■ Task
Repeat the data in full and exactly. Leave the pictures out.

■ Data block
==================================================
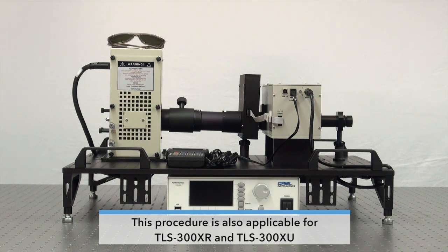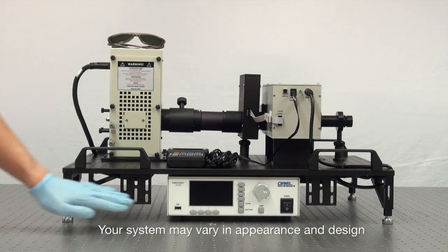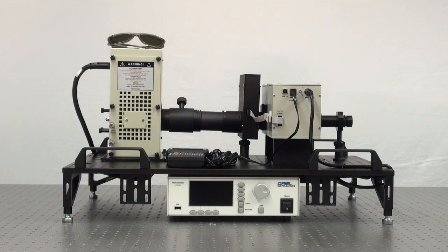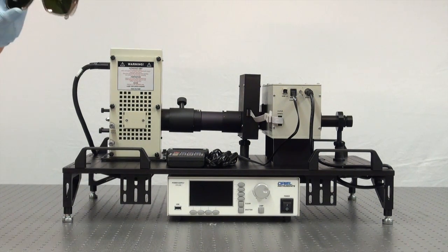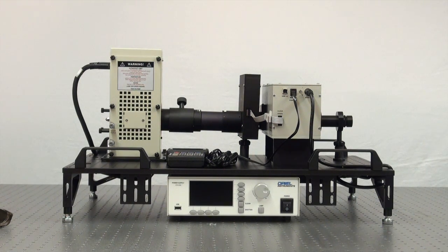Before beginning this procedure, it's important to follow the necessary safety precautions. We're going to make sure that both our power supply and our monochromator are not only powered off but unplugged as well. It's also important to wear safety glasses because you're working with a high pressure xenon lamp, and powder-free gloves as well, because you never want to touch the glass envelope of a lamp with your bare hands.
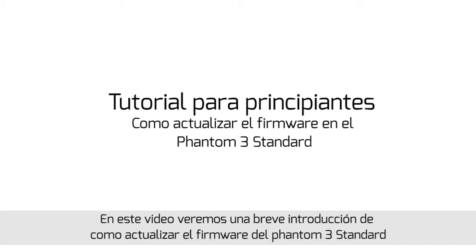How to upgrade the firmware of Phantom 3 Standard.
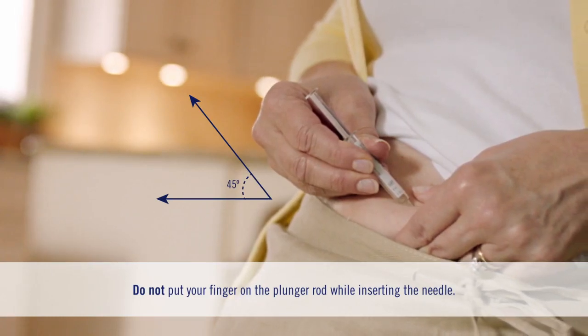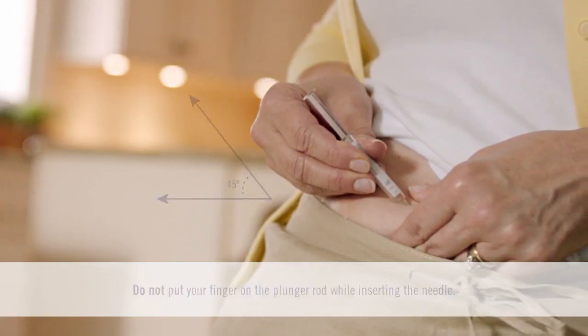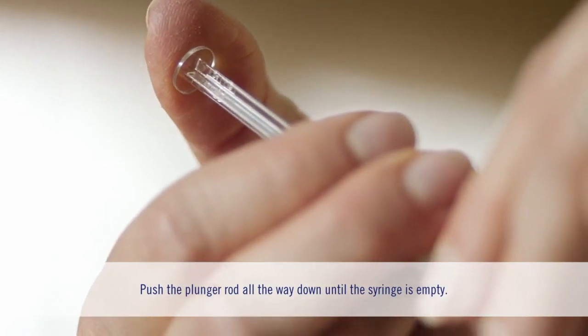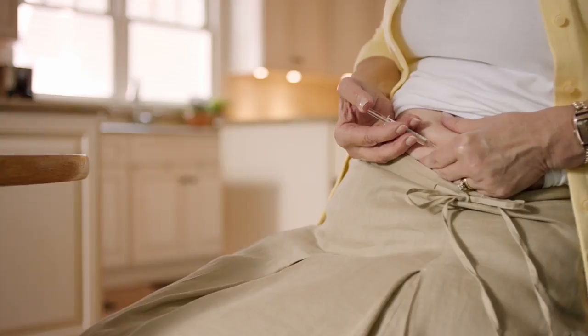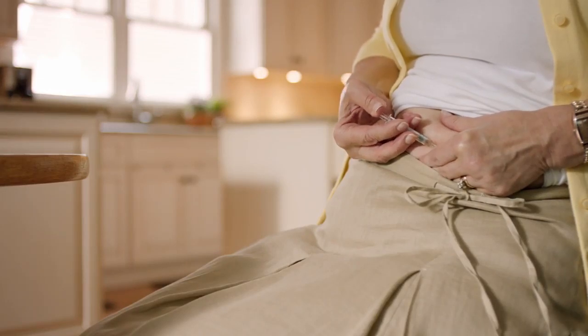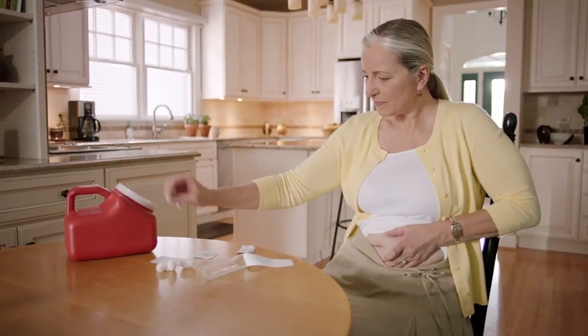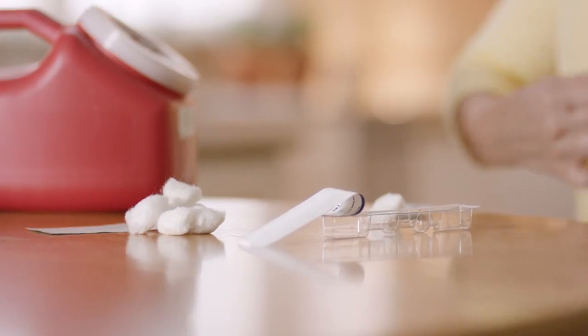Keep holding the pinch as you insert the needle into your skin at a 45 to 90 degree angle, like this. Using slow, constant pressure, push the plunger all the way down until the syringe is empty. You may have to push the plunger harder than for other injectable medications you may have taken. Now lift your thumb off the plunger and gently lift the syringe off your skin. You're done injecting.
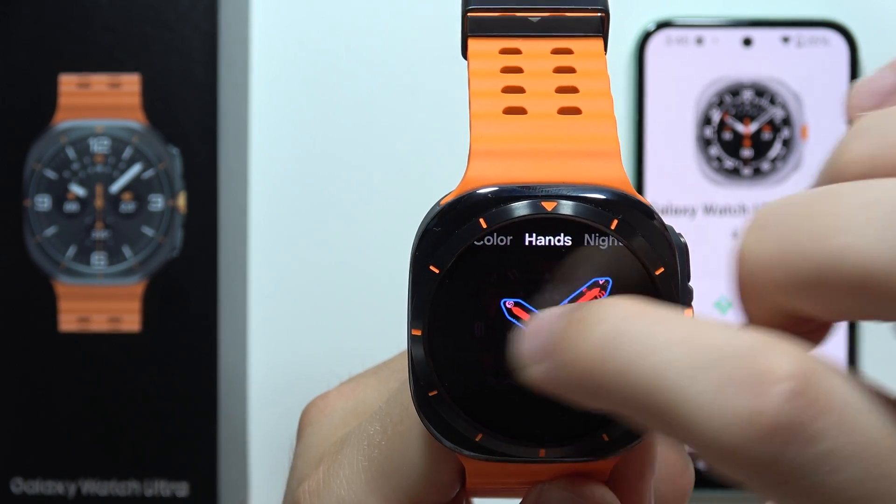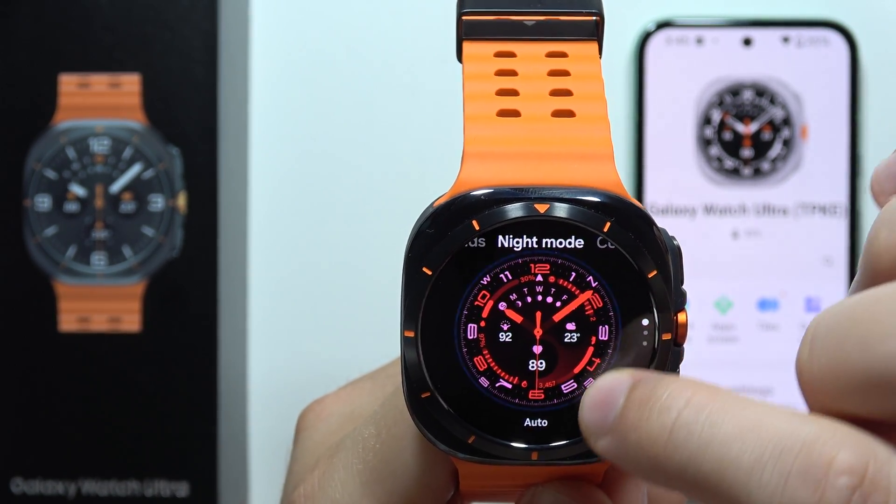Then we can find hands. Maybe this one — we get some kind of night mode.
==================================================
■ Written answer
Before beginning this procedure, it's important to follow the necessary safety precautions. We're going to make sure that both our power supply and our monochromator are not only powered off but unplugged as well. It's also important to wear safety glasses because you're working with a high pressure xenon lamp, and powder-free gloves as well, because you never want to touch the glass envelope of a lamp with your bare hands.
How to upgrade the firmware of Phantom 3 Standard.
Keep holding the pinch as you insert the needle into your skin at a 45 to 90 degree angle, like this. Using slow, constant pressure, push the plunger all the way down until the syringe is empty. You may have to push the plunger harder than for other injectable medications you may have taken. Now lift your thumb off the plunger and gently lift the syringe off your skin. You're done injecting.
Then we can find hands. Maybe this one — we get some kind of night mode.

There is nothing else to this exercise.